Attachment L-10-027 Page 7 of 20 composite material properties accounting for the actual materials in the leak rate evaluation.

10. Section 4.2 stated that the RCP nozzle loads used in the current LBB evaluation were taken from the AREVA Engineering Information Record, 51-9094884-000, dated October 21, 2008. However, it appears that the RCP nozzle loads in the AREVA report do not include the impact of the weight of weld overlay (i.e., forces and moments generated by the weight of the weld overlay). If the weight of weld overlay is not included in the RCP nozzle loads in the current LBB evaluation, discuss the validity of the critical crack size, leakage crack size, and associated safety margins.

Response

The maximum weight of the weld overlay applied at the reactor coolant pump dissimilar metal weld is conservatively calculated as 0.45 kips. This weight is not significant when compared to the dead weight of 6.1 kips for the adjacent 90 degree elbow filled with water weighing another 1.47 kips. In comparison, the total weight of a typical reactor coolant pump, including motor, casing, pump, and reactor coolant, ranges between approximately 150 kips to 340 kips [1, 2]. Therefore, the added WOL weight is no more than 0.3 percent the weight of the reactor coolant pump. Hence, the effect of the additional weight due to the application of the WOL is negligible as a percentage of the existing weight.

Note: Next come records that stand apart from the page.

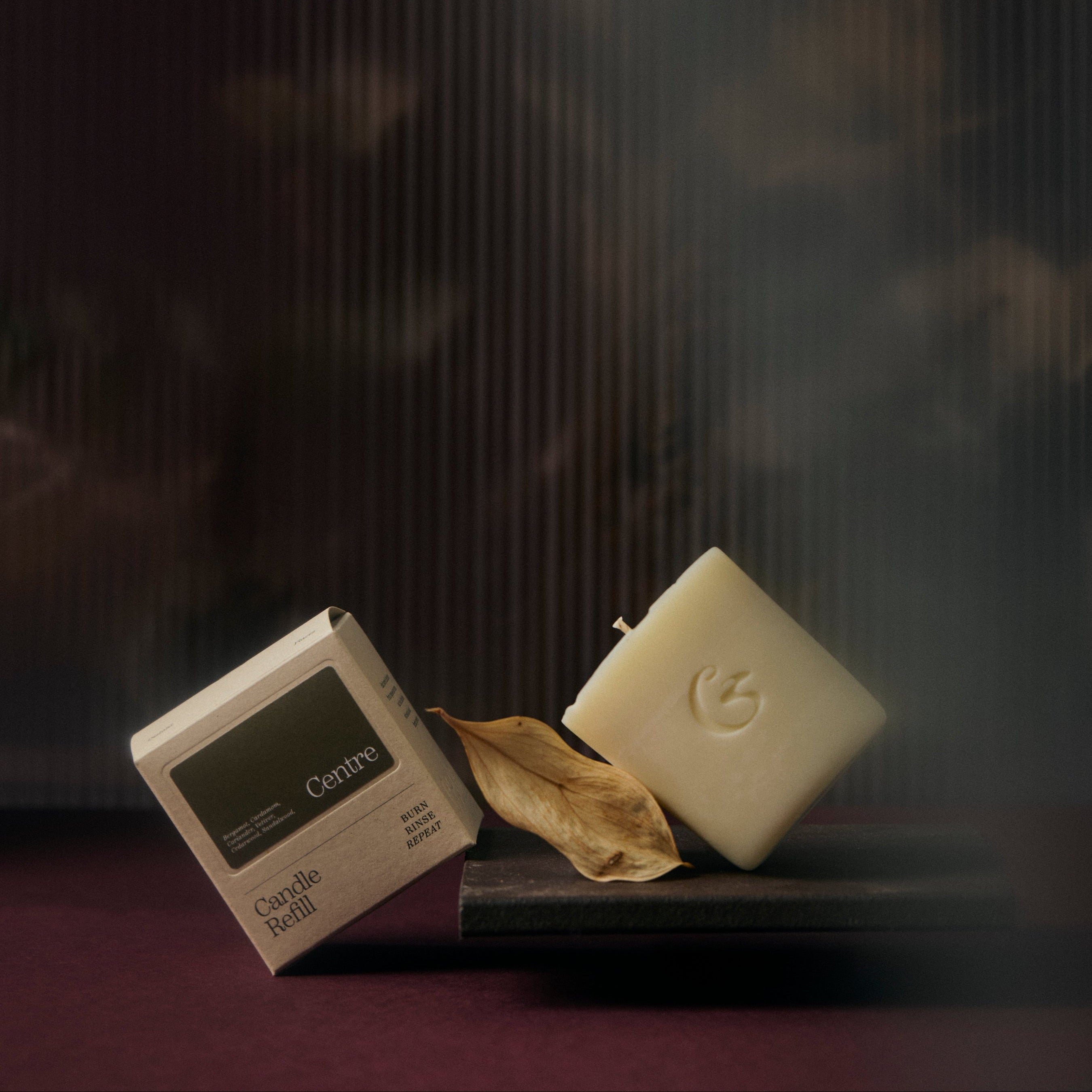 White candle refill with a leaf and packaging on a dark background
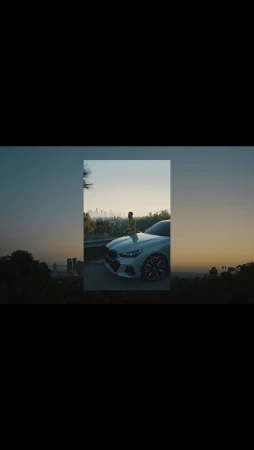 A stylish male model poses on the hood of a white BMW with a cityscape view at dusk, showcasing automotive elegance and urban lifestyle.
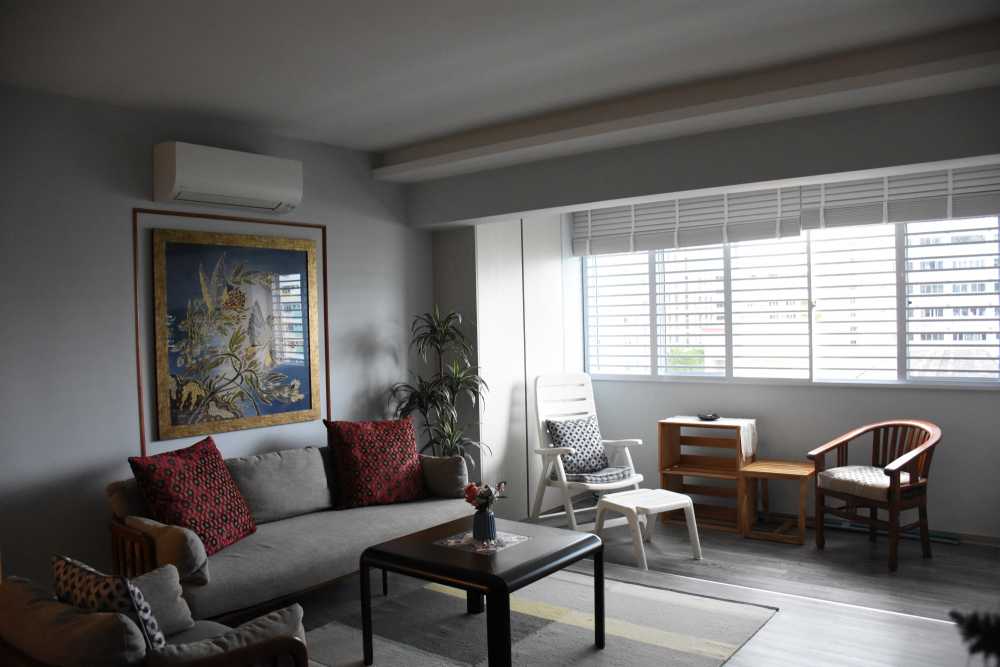 Vintage Living Room with Vinyl Flooring and Paintings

The effect of the increased weight due to WOL material is to slightly increase the dead weight and seismic stresses. The effect of the increased dead weight and seismic stresses would be to slightly decrease the critical flaw size and to increase leakage (for a given flaw size). In light of the large margins demonstrated by the LBB evaluation in Tables 6-3 and 6-4 of the report, these effects would minimally affect the required LBB margins and consequently were not considered in the LBB evaluation.

References:

1. National Report of the Czech Republic under the Nuclear Safety Convention, Appendix 1, Reference No. 10366/2.0/2001.

2. Journal of Korean Nuclear Society, Vol. 1, No. 2, Page 107 (10 pgs.), Year 1969-01.

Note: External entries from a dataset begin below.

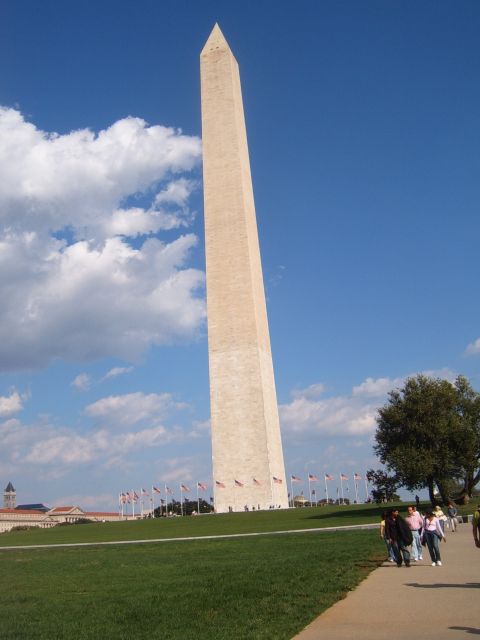1988 Ford Bronco - The Washington Monument stands tall under a partly cloudy sky, with flags and visitors visible at its base.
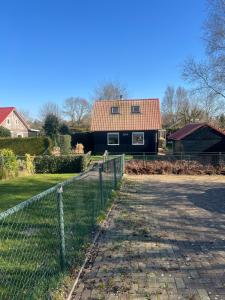 a house with a fence in front of it at Huisje Meerweg in Rohel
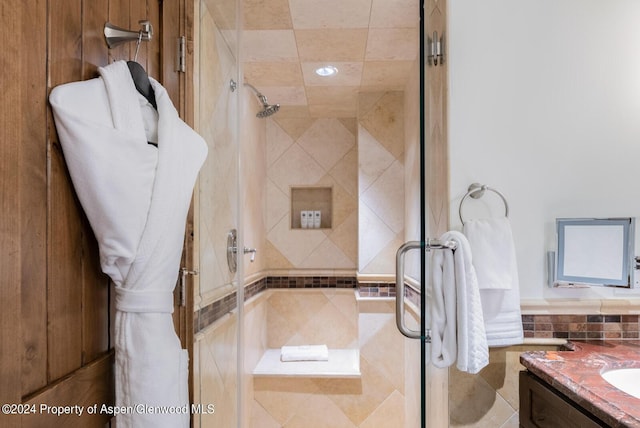 bathroom with vanity and a tile shower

Section 4.2 of the report has been updated and a note has been added to Table 4-2 for clarification.

11. Section 4.3.3, page 4-3, discussed thermal embrittlement of cast austenitic stainless steel (CASS) material in the RCP nozzles.

Attachment L-10-027 Page 8 of 20 (a) Discuss whether the saturated fracture toughness of the CASS was used in the current LBB evaluation.

Response

a. Yes, the saturated fracture toughness of the CASS material of the RCP nozzles was used in the current LBB evaluation in accordance with ASME Section XI Code Case N-481. The saturated fracture toughness is determined from actual material certified material test reports (CMTR). The lower bound fracture toughness of the worst Davis-Besse pump casing considering thermal embrittlement was selected. Using the material properties from the CMTRs, the saturation impact energy (CVsat ) used in determining the JR curve (J-Integral resistance curves for stable crack growth) and subsequently the fracture toughness of the CASS material is calculated using the procedure and correlations provided in NUREG/CP-01 19. The material properties and CVsat are listed in Table 4-6.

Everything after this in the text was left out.